Exercise objective
Scan the data below and copy each line where "black" occurs.

Source material
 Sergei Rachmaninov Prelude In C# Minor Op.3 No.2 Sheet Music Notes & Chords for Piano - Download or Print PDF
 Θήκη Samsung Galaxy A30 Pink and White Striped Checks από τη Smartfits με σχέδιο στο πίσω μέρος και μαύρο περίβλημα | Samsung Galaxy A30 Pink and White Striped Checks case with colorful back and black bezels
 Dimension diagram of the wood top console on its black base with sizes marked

The completed task
 Θήκη Samsung Galaxy A30 Pink and White Striped Checks από τη Smartfits με σχέδιο στο πίσω μέρος και μαύρο περίβλημα | Samsung Galaxy A30 Pink and White Striped Checks case with colorful back and black bezels
 Dimension diagram of the wood top console on its black base with sizes marked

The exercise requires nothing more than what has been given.